Worst: 2007 Toyota Corolla
The Corolla is one of the most popular cars, not just in Toyota's but in entire automotive history. But the 2009 Corolla was a bit too problematic.
The inline-four trim, in particular, had a serious oil consumption problem. It was plagued with several other issues as well, most notably pedal entrapment, power window switch melting, and an engine overheating problem due to failed water pumps.
Best: 2018 Toyota Century
Widely regarded as Japan's Rolls-Royce, the Toyota Century is one of the most expensive and lavish vehicles from the Japanese automaker. Introduced in 1967, this limousine has always been meant to transport royals, diplomats, and high-level officials.
Toyota redesigned the Century in 2018 and fitted it with a 5.0-liter V8 hybrid powertrain to ensure a stellar yet smooth acceleration. It has an absolutely silent cabin and an ultra-lavish interior rivaled only by RR.
Worst: 1990 Toyota Sera
The Sera was Toyota's biggest failed attempt to break into the supercar market in the 90s. It was too expensive for Toyota fans and too "Toyota" for those looking for a good sports car.
The presence of Italian sports cars at comparable price points meant the Sera had no future – and Toyota realized it by 1995.
Best: 1971 Toyota Celica ST
Taking design hints from the widely popular Ford Mustang and the pedestrian mechanical bits from the Carina, the Celica was an instant hit as soon it was unveiled in 1971.
It was the perfect reply to the 1964½ Ford Mustang and the start of one of the most successful lineups in Toyota's history.
Worst: 1992 Toyota Paseo
The Paseo was targeted toward young drivers as a sporty two-door coupe, but it turned out anything but fun and convenient.
A bad under-steer combined with stiff competition from the Nissan Pulsar NX and the Mazda MX-3 slowed down sales until Toyota was left with no choice but to end production in 1997.
Best: 2022 Toyota Corolla
With 50 million units sold so far, this compact sedan has enabled the masses to move reliably and comfortably at a bargain price ever since its launch in 1966. And the 2022 iteration is no different.
It boasts a fuel-efficient powertrain, a roomy cabin, an attractive exterior, an affordable tag, and lots of standard driver-assist features.
Worst: 2008 Scion xD
The Scion xD was an affordable subcompact hatchback that was marred with numerous issues right from the first model year. The most notable recall, in 2014, was related to a faulty sliding mechanism in the front passenger seat that could result in serious injuries.

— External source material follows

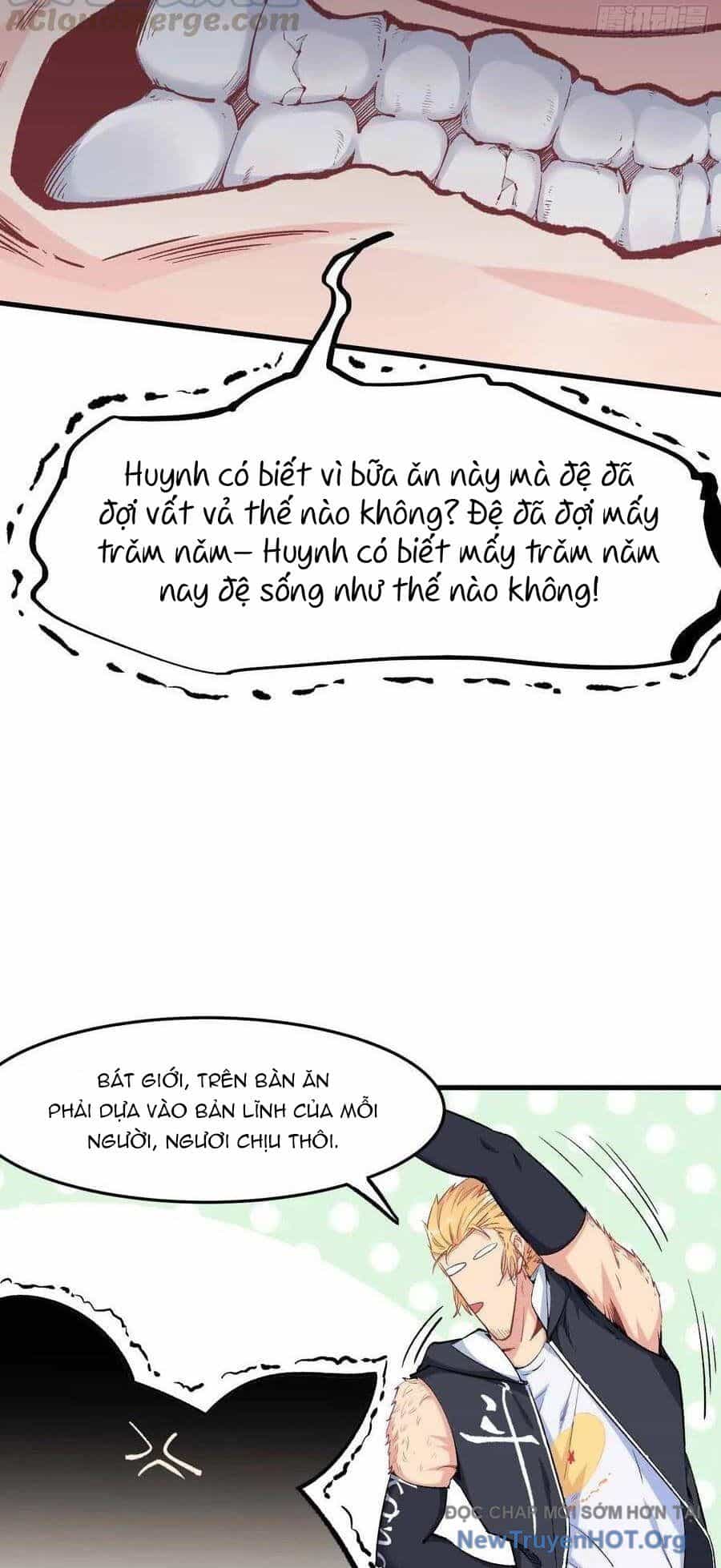 Long Trù - Chương 53 - ảnh 14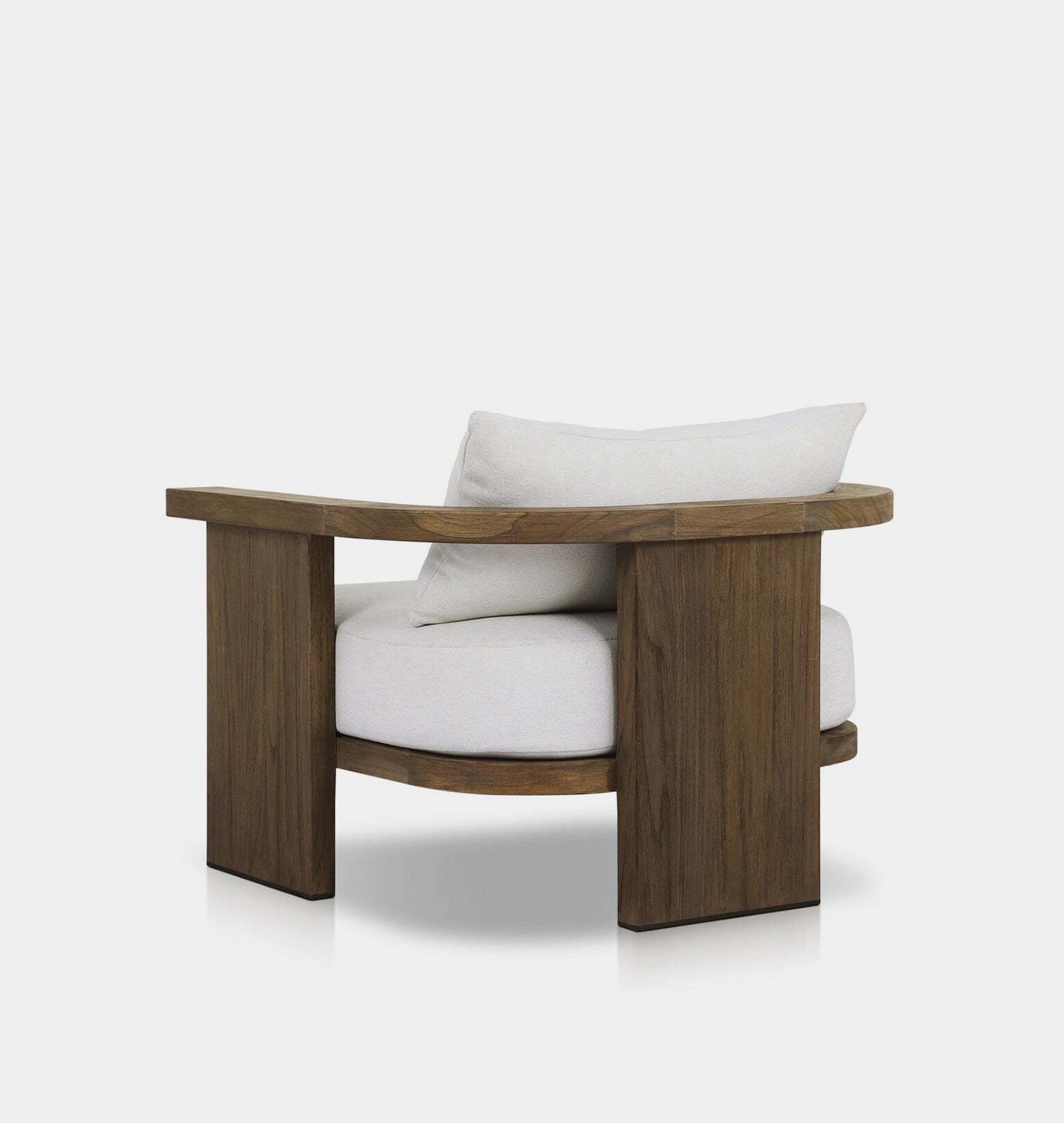 Amber Interiors - Mimi Outdoor Lounge Chair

The Scion xD was also a noisy and bumpy vehicle. It never was a hot seller and was finally discontinued in 2014.
Best: 2020 Toyota Tacoma
The Tacoma has been a cool truck right from its inception, thanks to its unrivaled durability and reliability, but the 2020 facelift was on another level. Combining agility and maneuverability with immense capability, it was the most a pickup can offer.
In addition to the exterior facelift, the 2020 Tacoma also saw Android Auto, Apple CarPlay, and Amazon Alexa becoming standard.
Worst: 1958 Toyopet Crown
Toyota's first car in the US was a massive failure. While suitable for Japanese roads, the measly 60-hp engine was so underpowered that you needed 26 seconds to go from 0-60 mph.
The car trembled on highways, the engine overheated on ascents, and the brakes were just as bad. The Toyopet was such a disaster that Toyota had to end its production just 3 years later in 1961.
Best: 1965 Toyota Corona
If Toyota could survive in the American market in its initial years, it's all due to the 1965 Corona, that went on to become synonymous with reliable family transportation.
It was also the first Toyota that could easily be identified so, thanks to a distinctive styling and wedged nose that would continue in other cars from the marque.
Worst: 1999 Toyota Celica GT
The Celica remained one of the best sports cars in the history of Toyota, but the seventh generation turned out a failure.
The mid-2000s Celicas were marred with weak engines and sluggish performance. To further make matters worse, they were also prone to constant breaking. The plummeting sales eventually forced Toyota to end the lineup in 2006 after a long run of 36 years.